Although Monzo’s experience with the state was valuable, his heart was with local government management. After a year, he went back to local government as he accepted the position of chief financial officer and deputy manager of South Brunswick Township; a position he has held since 2004.
In addition to making important contacts in his graduate program, Monzo recognizes other benefits as well. “It has afforded me the street ‘cred’ to be sought after for advice and consultation on key state and local government issues by many organizations including Rutgers University and the New Jersey League of Municipalities,” says Monzo. In fact, he has been actively involved in professional organizations including the league and the Government Finance Officers Association of New Jersey, where he currently serves as chairman of the central region and of the legislative and recruitment committee.
In the Monzo household, Joe isn’t the only one who has benefitted from the Rutgers EMPA program. In 2012, his wife Kathy, assistant administrator/director of finance for Princeton, started the program and is slated to graduate in spring 2016. Reflecting upon her experience in the EMPA, she feels there are many benefits.
Kathy Monzo and Joe Monzo, shown at a fundraising event, both have earned the Rutgers Executive Master of Public Administration (EMPA) degree, a collaboration of Rutgers-Camden with Rutgers Center for Executive Leadership in Government.
“The level of knowledge and learning I experienced was so much more than I expected,” recalls Kathy, who also earned her undergraduate degree from Rutgers College, double majoring in economics and English. She also noted that the structure of the program’s cohort model also added to her experience. “I loved working with a team; I reaped so many benefits from their diverse perspectives.”
The Executive Master of Public Administration degree is offered by the Rutgers-Camden Department of Public Policy and Administration in collaboration with Rutgers Center for Executive Leadership in Government, a unit of the Rutgers Division of Continuing Studies.
Alan Zalkind, director, Rutgers Center for Government Services and EMPA faculty member, notes: “In addition to their status as ‘students’ they each have prominent and successful professional careers, which is exactly the goal of the EMPA program.”
Now one of the students has become a teacher. While the Monzos were at a retirement dinner for a colleague, Joe was approached about teaching in the program. “I thought on it for a few days and decided to do it,” recalls Joe. He began teaching in the program in Fall 2015 as instructor for the Financial Management of Public Programs course. But it wasn’t his first experience with teaching, since the experienced administrator had been an instructor for Rutgers Center for Government Services in the Certified Municipal Finance Officer program and revised the Municipal Budget Textbook used in that program.
Being an instructor for the EMPA program has been another important career step for Joe. He adds, “Teaching in the EMPA program allows me to take 35 years of experience at many levels of government and use it constructively.
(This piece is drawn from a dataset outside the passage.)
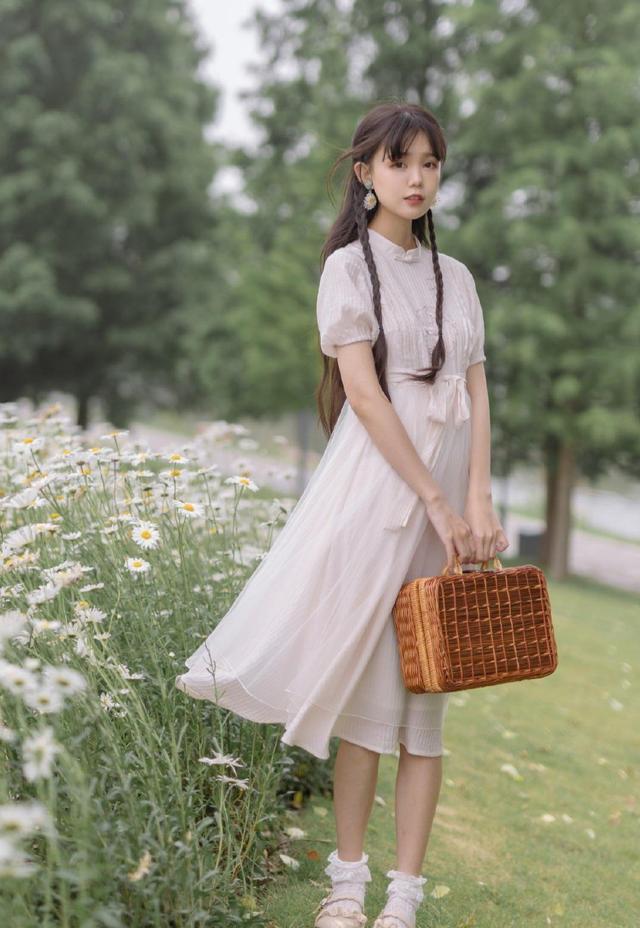 就和其他款式的衣服一样,连衣裙也是有很多不同的风格,今年最流行的就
I can see that the students in the program are looking to take the same career advances I was back in 2000, when I first started in the program.”
It’s that breadth of experience that made him a natural choice as an instructor for the program. As Angie McGuire, EMPA program director, notes, “He [Joe] has built a very successful career after receiving his MPA from Rutgers…and is now considered one of the most experienced and knowledgeable CFOs—by both practitioners and associations.”
Joe Monzo notes the importance of programs like the EMPA as public service and the current political landscape requires competent thinkers. “Programs like the EMPA are helping to create those individuals,” he adds.
For those considering the Rutgers EMPA program, both Joe and Kathy have advice. Kathy encourages future students to “not go into the program with any set ideas,” as the classes and students who make up the cohort make it a truly unique experience. “Be open to every perspective and think about what you can bring to the team,” she adds.
Likewise, Joe recognizes how the EMPA can help individuals professionally. “If you are feeling ‘stuck’ in your current job and are looking for a personal and professional challenge, then go back to school, he advises. “Remember how much fun you had in high school and college? Well, this is not that. But it is worth the effort if you put in the effort.”